I Dogo fanno un attentato terroristico all’immaginario del mainstream, rovesciano l’ordine e lo fanno per tutto il disco: I potenti della terra fanno i vip, Club D fa click click fuori dalla loro suite.
E niente vi darà mai la carica della delivery di Jake la Furia quando vi proietta sulla scena del crimine: Scusate l’interruzione, a una spanna dalla tua faccia è la canna del mio cannone e suona Calibro Nove come gli Osanna.
Non è solo un susseguirsi di colpi d’azione. Penna Capitale è piena di filosofia e probabilmente ci sono i brani con le atmosfere più intime mai creata dai Dogo. Una Volta Sola, No More Sorrow, Cattivi e Buoni che è una riflessione sulla spiritualità, cosa che dai Club Dogo non vi aspettereste mai.
La costruzione lirica dei pezzi non vuole essere un mero sfoggio di soldi e superficialità. Prendiamo un pezzo a caso: Falsi Leader. Canzone prodotta da Dj Shocca che inizia con il sogno di un governo di soli pensatori e filosofi, come se Guè fosse un Platone in preda ai narcotici, mentre Jake poco dopo incita a spengere le canne nella benzina.
Penna Capitale segna una tappa importante per tutta la scena, un vero e proprio prima e dopo. Probabilmente anche più influente di Mi Fist perché ha trasformato il rap degli slogan da protesta, come poteva essere quello dei 99Posse: «ho un rigurgito anti-fascista, appena vedo un punto nero ci sparo a vista» in qualcos’altro. I Dogo prendono il testimone dai Sangue Misto nel rmx di Cani Sciolti, e scegliere proprio questo pezzo, all’interno della grande mole di musica fatta da Neffa, Deda e Dj Gruff, aveva un peso non indifferente all’epoca.
La penna dei Dogo è intrisa di un romanticismo decadente e criminale che costruisce un mondo immaginato, che al contrario di quanto fatto da Neffa& I Messaggeri della Dopa, mantiene una certa tensione con la critica sociale. Una tensione che pervade tutto l’album.
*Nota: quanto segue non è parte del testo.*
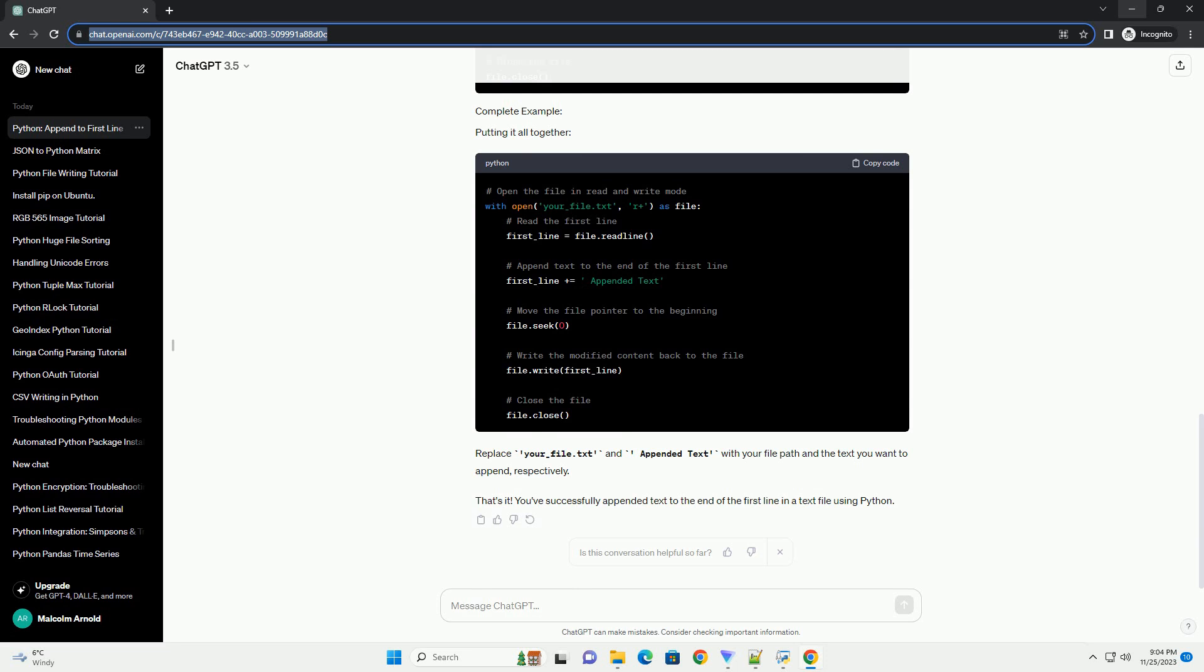Use the readline method to read the first line of the file. Now, you can append the desired text to the end of the first line. Replace appended text with the text you want to append.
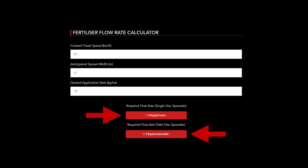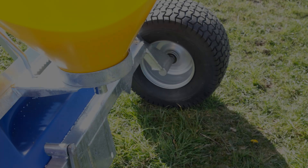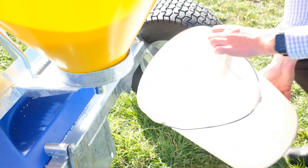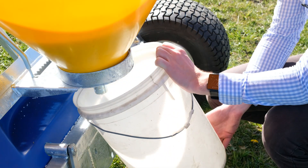Once you've done that, the required flow rate will appear in the red boxes below. Depending on what type of spreader you have — single or twin — take the result that applies.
I due mc avevano la percezione dell’aspettativa che la scena aveva su di loro. Un’aspettativa che riguardava la ricerca dei sample e la ricerca all’interno del testo. Nonostante tutto ciò fosse presente, quando l’album uscì prese molte critiche, come il fatto di non essere autentico perché Guè, Don Joe e Jake non erano criminali. La critica generale è riassumibile nel fatto che non erano autentici e coerenti. Non sono dei veri gangsta e l’immaginario criminale che creano è falso, però è proprio creando il falso, la finzione, lo spettacolo che sono riusciti a creare un’oggetto che, per quanto sia soltanto suono registrato continua ad avere un effetto su chi ascolta. Come quel classico di Calvino.